What a pleasure it was to see so many of you at the inaugural festivities last month. I have been overwhelmed with the outpouring of support and good wishes from this community. Thank you for helping to make my inauguration as Gettysburg's 14th president so memorable. Your continuing support is essential as we look at all that is to be done to prepare our students to be effective participants and leaders in this changing world.
As I noted in my inaugural remarks (see page 10), Gettysburg College develops intellect, encourages initiative, and values integrity - with a goal of preparing Gettysburgians who will positively impact their professions and communities. This preparation begins for first-year students even before their first day of class.
The Ascent program offers a choice of several five-day, off-site expeditions that combine elements of community service and wilderness education. The trips introduce participants to the College's academic and social expectations and impart life-lessons about leadership and self-discovery. This summer's offerings included kayaking on the Chesapeake Bay to explore the impact of environmental changes and assisting the homeless in the nation's capital.
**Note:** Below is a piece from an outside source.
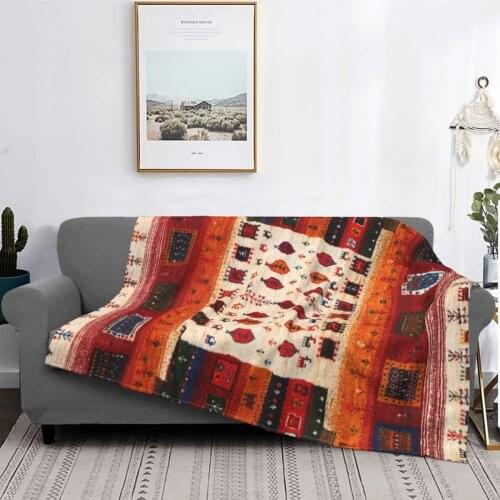 Traditional Moroccan Bohemian Artwork Blanket Fleece Spring Autumn Ultra-Soft Throw Blanket for Home Outdoor Bedspreads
Back on campus on their second day of Orientation, students connect with Gettysburg's rich history by participating in the First-Year Walk to the National Cemetery. This walk is a reenactment of that taken by Gettysburg students in 1863 as they followed President Lincoln to the National Cemetery where he delivered the Gettysburg Address. Along the way students pass the Wills House in Gettysburg Square, the home of David Wills, Class of 1851. Wills invited President Lincoln to Gettysburg to deliver a "few appropriate remarks" at the dedication. Had it not been for Wills, Lincoln's visit and one of the most significant speeches in our nation's history might never have taken place. This year Bruce Gordon '68, former president and CEO of the NAACP, recited the Gettysburg Address and shared his reflections. He challenged students to "make your own history during these next four years."
In his remarks Lincoln reflected on the importance of action over rhetoric in a sentence that is familiar to us all: "The world will little note nor long remember what we say here, but it can never forget what they did here." That sentiment is woven into our own sense that we have important things to do here at Gettysburg, and our belief that our actions informed by a strong academic experience will speak for us.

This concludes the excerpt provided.